Work to be completed »
Among the entries, which lines carry the string "Bild"? Copy every one.

Exercise material »
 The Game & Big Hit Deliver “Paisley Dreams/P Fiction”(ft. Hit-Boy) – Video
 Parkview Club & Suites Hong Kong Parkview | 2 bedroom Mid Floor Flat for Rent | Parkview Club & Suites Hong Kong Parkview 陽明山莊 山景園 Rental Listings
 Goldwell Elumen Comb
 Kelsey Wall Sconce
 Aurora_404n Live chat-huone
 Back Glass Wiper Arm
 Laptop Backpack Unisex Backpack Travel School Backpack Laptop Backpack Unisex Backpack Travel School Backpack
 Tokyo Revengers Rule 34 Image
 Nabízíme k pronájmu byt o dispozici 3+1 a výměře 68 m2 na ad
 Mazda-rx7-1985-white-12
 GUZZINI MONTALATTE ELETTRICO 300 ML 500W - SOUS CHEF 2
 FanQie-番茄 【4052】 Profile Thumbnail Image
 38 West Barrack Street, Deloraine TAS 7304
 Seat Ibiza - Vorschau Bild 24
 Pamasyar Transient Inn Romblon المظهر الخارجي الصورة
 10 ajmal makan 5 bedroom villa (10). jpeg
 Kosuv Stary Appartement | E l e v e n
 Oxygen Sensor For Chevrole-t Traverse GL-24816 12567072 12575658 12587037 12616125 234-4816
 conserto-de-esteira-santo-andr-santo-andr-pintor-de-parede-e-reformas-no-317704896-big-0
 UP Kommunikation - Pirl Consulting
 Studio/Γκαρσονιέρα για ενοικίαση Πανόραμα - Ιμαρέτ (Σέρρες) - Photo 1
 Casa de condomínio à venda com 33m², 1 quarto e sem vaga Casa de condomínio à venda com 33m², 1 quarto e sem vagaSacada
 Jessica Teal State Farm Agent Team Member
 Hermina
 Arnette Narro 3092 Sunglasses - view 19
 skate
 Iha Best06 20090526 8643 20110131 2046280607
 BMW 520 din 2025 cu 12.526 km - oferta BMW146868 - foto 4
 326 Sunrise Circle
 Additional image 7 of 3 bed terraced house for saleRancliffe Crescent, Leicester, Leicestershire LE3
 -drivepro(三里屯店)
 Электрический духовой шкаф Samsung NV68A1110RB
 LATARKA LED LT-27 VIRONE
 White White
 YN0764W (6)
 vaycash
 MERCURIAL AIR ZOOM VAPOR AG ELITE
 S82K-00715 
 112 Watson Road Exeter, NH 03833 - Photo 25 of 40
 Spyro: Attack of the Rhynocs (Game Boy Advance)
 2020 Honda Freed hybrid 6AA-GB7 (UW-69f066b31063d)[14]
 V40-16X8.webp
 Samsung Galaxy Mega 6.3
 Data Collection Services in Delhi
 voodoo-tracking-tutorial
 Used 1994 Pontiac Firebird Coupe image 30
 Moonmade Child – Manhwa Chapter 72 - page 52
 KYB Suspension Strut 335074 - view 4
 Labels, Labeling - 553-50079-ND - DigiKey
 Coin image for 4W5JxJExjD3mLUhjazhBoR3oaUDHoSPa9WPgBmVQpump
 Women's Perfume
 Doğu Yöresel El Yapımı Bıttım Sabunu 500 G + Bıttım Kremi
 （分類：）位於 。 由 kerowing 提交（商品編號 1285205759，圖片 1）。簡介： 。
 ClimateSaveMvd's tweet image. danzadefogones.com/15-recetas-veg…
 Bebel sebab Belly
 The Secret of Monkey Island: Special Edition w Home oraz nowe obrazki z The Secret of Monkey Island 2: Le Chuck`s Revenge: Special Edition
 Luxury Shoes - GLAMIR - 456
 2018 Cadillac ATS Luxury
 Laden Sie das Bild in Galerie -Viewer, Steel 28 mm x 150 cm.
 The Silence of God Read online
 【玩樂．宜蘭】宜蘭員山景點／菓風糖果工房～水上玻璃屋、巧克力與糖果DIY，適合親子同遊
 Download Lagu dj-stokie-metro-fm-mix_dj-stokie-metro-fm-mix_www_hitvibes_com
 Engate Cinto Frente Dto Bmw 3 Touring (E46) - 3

Exercise output »
 Seat Ibiza - Vorschau Bild 24
 Laden Sie das Bild in Galerie -Viewer, Steel 28 mm x 150 cm.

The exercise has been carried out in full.